Deloitte, which is handling the affairs of the bust music chain, had originally stopped customers spending the vouchers, leading to angry scenes in stores. Today the administrator said that it had been "urgently assessing the company's financial position".
"I am pleased to confirm that, having concluded this assessment, we are able to honour gift cards. I can also confirm that all money raised by HMV for various charities will be paid in full," said Nick Edwards, who has been appointed Joint Administrator for the chain. "We recognise that both of these matters have caused concern for individuals and organisations affected and are pleased to have reached a positive outcome."
In addition to the vouchers, HMV owed the victims of the Hillsborough disaster £150,000 from the Hillsborough Justice Christmas single. The version of the Hollies' hit He Ain't Heavy, He's My Brother by The Justice Collective was launched at Liverpool's HMV store. Deloitte's announcement today ensures that the affected families will get the money.

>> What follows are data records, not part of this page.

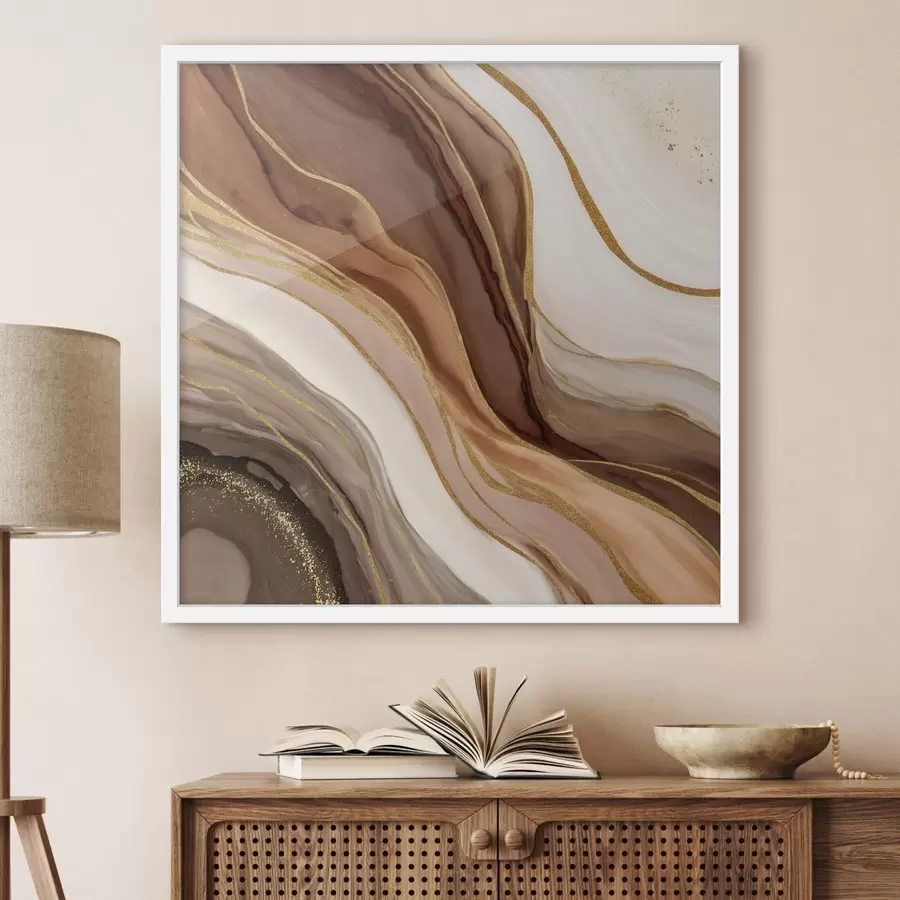 Papier peint photo Composition en pierre dans des tons bois f46642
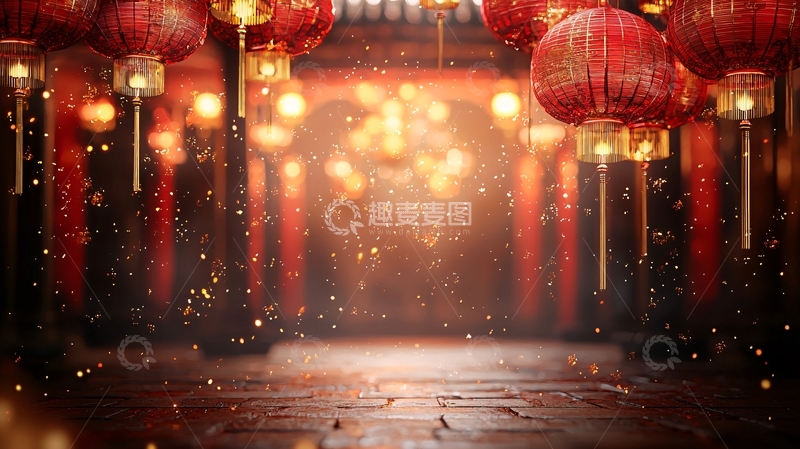 高清大图下载【趣麦麦图】红灯笼古建筑新年氛围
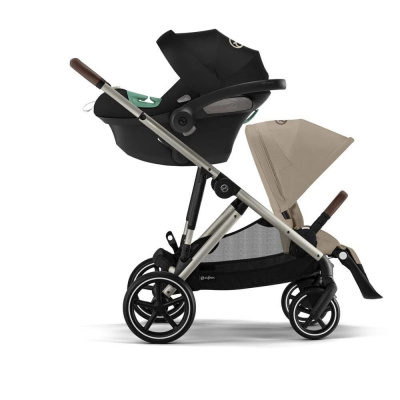 Коляска для двойни 2 в 1 Cybex Gazelle S шасси TPE с корзиной и дождевиком, Almond Beige (Бежевый)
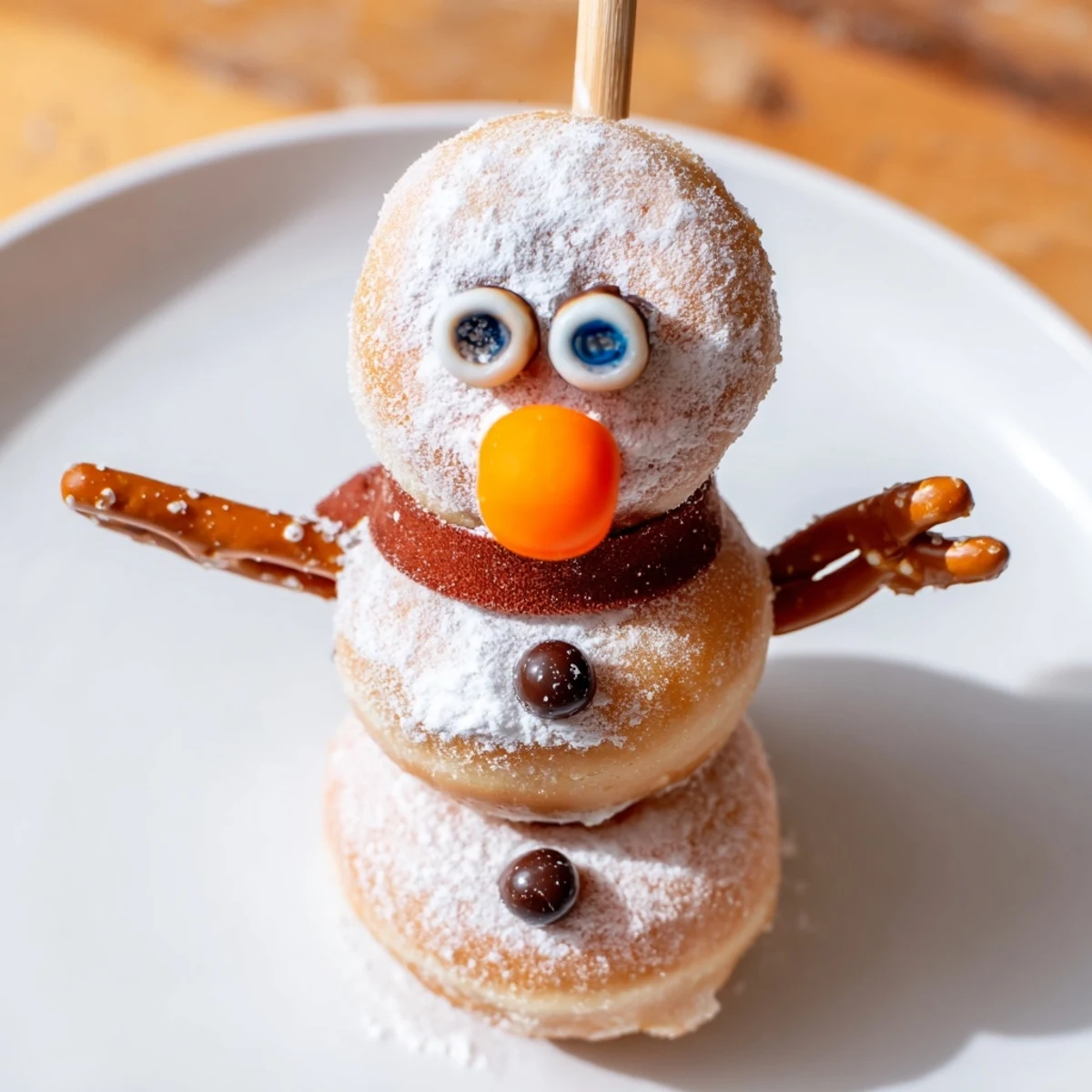 Mini Donut Snowman Stack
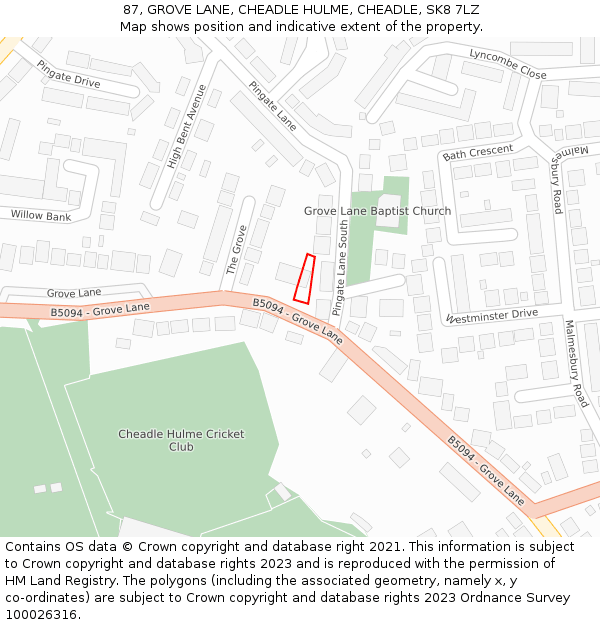 87, GROVE LANE, CHEADLE HULME, CHEADLE, SK8 7LZ: Location map and indicative extent of plot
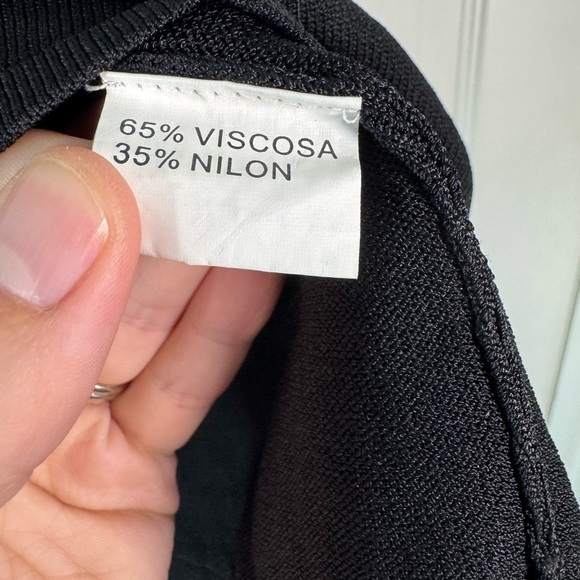 Elisa Landri Black Knit Beaded Sweater Tank Mock Neck Made in Italy Size Small - Picture 6 of 9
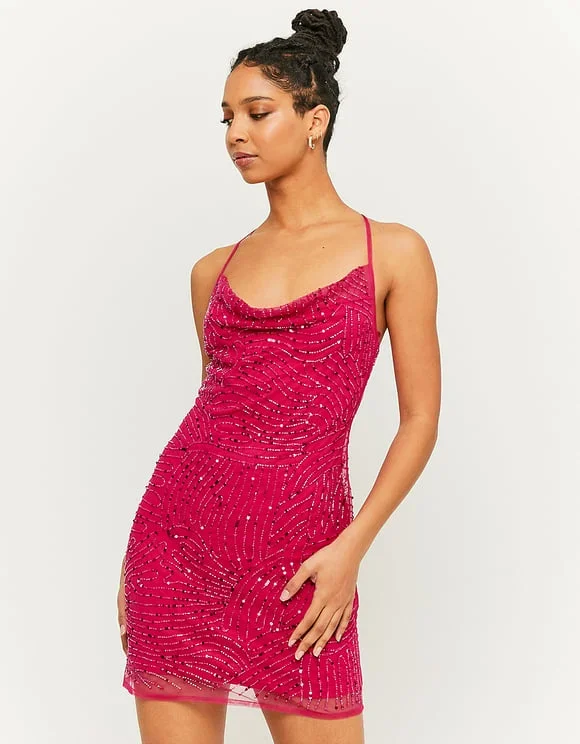 Pink Mesh Mini Dress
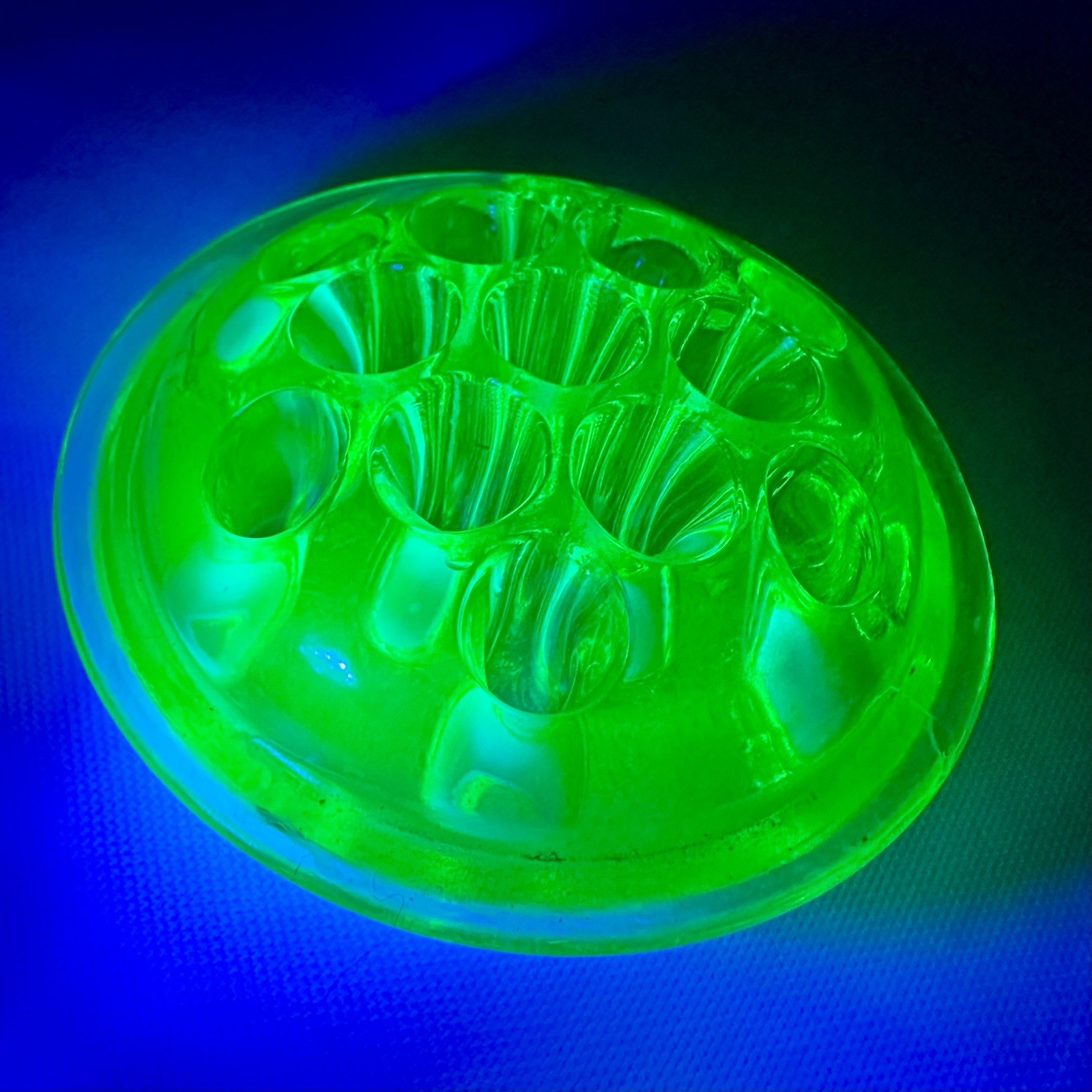 Vintage Vaseline Uranium Glass 13 holes 4 Inch Flower Frog UV Glows Green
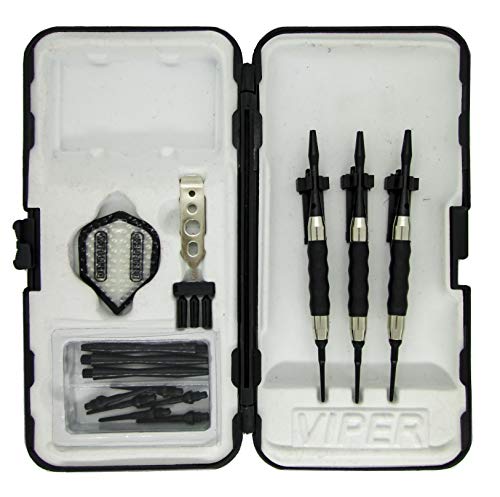 Sure Grip Viper Black Soft Tip Darts with Dart Case & Accessories Choice of Flights 16 or 18 Grams Plus I Love Darts Bracelet (Dimplex Clear, 18g)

Millions of pounds worth of HMV gift cards many received as Christmas presents became effectively worthless the second the company collapsed so the turnaround on behalf of the administrators is a relief for many. Once a company is in administration, the administrators are under no obligation to honour the vouchers.
Gift vouchers are in effect a debt owed by the company. If the issuer goes bust, anyone with a voucher becomes an unsecured creditor, with a long and uncertain wait to get any money back. However, administrators have discretion to carry on accepting vouchers after a company has failed.
However, if the business is sold to someone else there is no guarantee that they will continue to accept the vouchers, so shoppers should act fast. Even if a business is sold and continues trading under the same name the new owner is a separate legal entity and is under no obligation to honour the obligations including vouchers issued by the original concern.
There has been speculation that HMV will soon be bought by another company, although sources close to the company said they did not expect an announcement today.